In a multi-contract scenario, the more the parties can co-operate (for example, by agreeing to a particular forum or an ad hoc arbitration for all disputes), the better. One recent case where the court held that the parties had agreed a consolidated ad hoc arbitration pursuant to a Protection & Indemnity Club Letter of Undertaking (LOU) is Lavender Shipmanagement Inc v Ibrahima Sory Affretement Trading SA. In that case, Calver J had to determine whether claims under five different bills of lading required five separate arbitrations using the LMAA Small Claims Procedure to be commenced. The court held that, on construction, the LOU was an agreement to consolidate all claims in respect of the cargo before a single tribunal, albeit constituted in accordance with the arbitration clause incorporated into the various bills. This is therefore a potential route to simplify matters, but the clearer the language the better.

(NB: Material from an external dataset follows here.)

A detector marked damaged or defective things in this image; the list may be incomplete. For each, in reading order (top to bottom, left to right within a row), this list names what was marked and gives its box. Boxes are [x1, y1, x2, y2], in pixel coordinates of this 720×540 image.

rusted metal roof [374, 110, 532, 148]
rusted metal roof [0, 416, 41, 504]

Furthermore, in many references, there are ways to avoid or minimise procedural problems. Some institutional rules, such as the LMAA Terms 2017, provide for related arbitrations to be conducted and heard concurrently with disclosure and evidence served in one arbitration to be admissible in another as appropriate. Such powers can allow parties in the middle of contractual chains to, in effect, drop out where the real issues are between those at the top and the bottom of the chain, leading to significant costs savings.

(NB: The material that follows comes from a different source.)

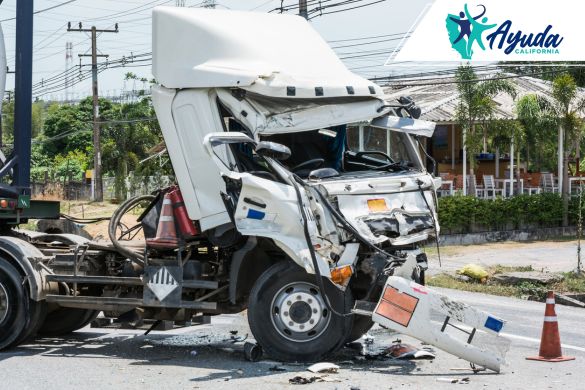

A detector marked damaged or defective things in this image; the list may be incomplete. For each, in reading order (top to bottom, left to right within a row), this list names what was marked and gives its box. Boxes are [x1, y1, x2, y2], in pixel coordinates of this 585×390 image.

wrecked truck cab [151, 6, 506, 368]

In terms of disclosure and witness evidence, it is often in the interests of all parties to agree to evidence being disclosed in related proceedings, for example, where claims are being passed up and down contractual chains by way of indemnity. Otherwise, there are exceptions to the confidentiality obligation, in particular, where disclosure is reasonably necessary for the establishment or protection of an arbitrating party’s legal rights (see Ali Shipping Corp v Shipyard Trogir) or where an order requiring disclosure is made in subsequent court proceedings.

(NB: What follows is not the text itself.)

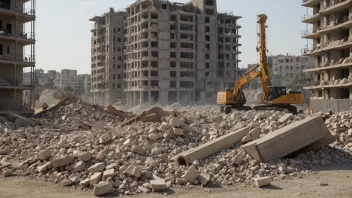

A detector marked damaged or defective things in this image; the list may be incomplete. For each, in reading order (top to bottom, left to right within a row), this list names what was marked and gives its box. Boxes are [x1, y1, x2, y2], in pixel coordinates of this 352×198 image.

During the currency of an arbitration, the tribunal can be asked to determine issues arising as to the scope of the parties’ obligations of confidentiality and whether the “reasonable necessity” test has been met in the case of any particular piece of evidence. Once the arbitration has ended, Flaux J in Westwood Shipping Lines Inc v Universal Schiffahrtsgesellschaft mbH suggests that applications can be made under section 44 of the English Arbitration Act 1996 for liberty to rely upon arbitration materials in other proceedings. Similarly, if the parties to English court proceedings are not the same as the parties to the arbitration, the court may have jurisdiction over the issue of what use can be made of arbitration material in the court proceedings (Sarah Lynette Webb v Lewis Silkin LLP). Otherwise, the better view is that, in an ongoing arbitration, this is an issue for the tribunal to determine.
Another issue is set-off. The respondent to a claim in an arbitration under contract X may have a counterclaim under contract Y that it wishes to set-off. In broad terms, and absent a contractual right of set-off or provision in institutional rules, the tribunal will have no jurisdiction to allow a set-off unless there is what is known as a “transaction set-off”, which requires that the counterclaim is very closely connected to the claim (Ronly Holdings Ltd v JSC Zestafoni). Even then, the availability of a set-off depends on the true construction of the arbitration agreement and relevant institutional rules. The law in this regard is complex and fact-specific.
In the last resort, both the claim and any counterclaim references can be progressed to awards and then an attempt can be made to set-off at the enforcement stage. For instance, the English courts set off mutual debts under enforceable awards to arrive at a “net result” (Glencore Grain Ltd v Agros Trading Co Ltd).